Nederlands recht is leidend
De oorspronkelijke overeenkomst betrof (samengevat) het openen en faciliteren van een effectenrekening door de Luxemburgse partij op basis waarvan zou kunnen worden geconcludeerd dat Luxemburgs recht alle overeenkomsten beheerste. Evenwel lag de basis voor alles wat er op de Luxemburgse effectenrekening stond vast in een overeenkomst tot beleggingsadvies en vermogensbeheer tussen de Nederlandse tussenpersoon en de Nederlandse partij. Het Gerechtshof concludeerde uiteindelijk dat de (Nederlandse) beleggingsconstructie in deze casus leidend was, zodat ook de vaststellingsovereenkomst beheerst werd door Nederlands recht. De Luxemburgse partij diende zich dus naar Nederlands recht te verweren.

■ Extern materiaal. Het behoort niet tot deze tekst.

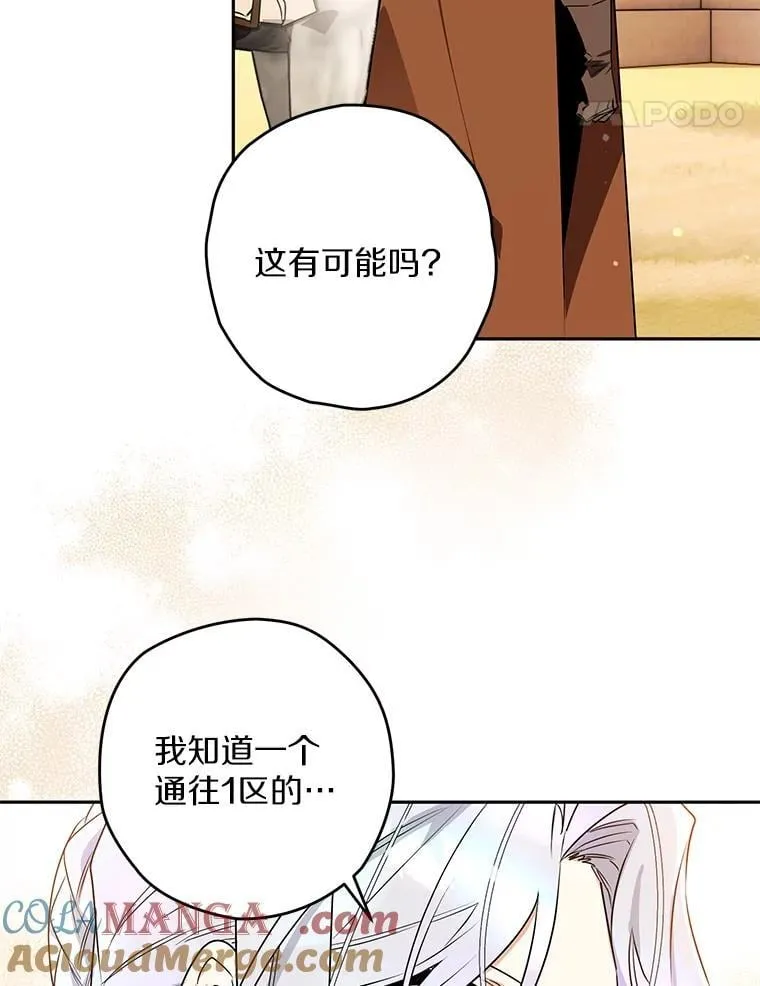 110.攻打城门 第73页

Deze zoektocht naar het toepasselijke recht had voorkomen kunnen worden indien partijen een rechtskeuze hadden gemaakt. Zowel onder het EVO als onder de Rome 1 Verordening die voor overeenkomsten vanaf 17 december 2009 of latere datum geldt, scheelt dat veel onduidelijkheid.
En de uitkomst? Het Gerechtshof bekrachtigde het vonnis van de rechtbank omdat ook het Gerechtshof van oordeel was dat de Nederlandse partij in zijn brieven finale kwijting had verleend aan de Luxemburgse partij. De termijn voor cassatie bij de Hoge Raad is nog niet verstreken, zodat de zaak nog een vervolg zou kunnen krijgen.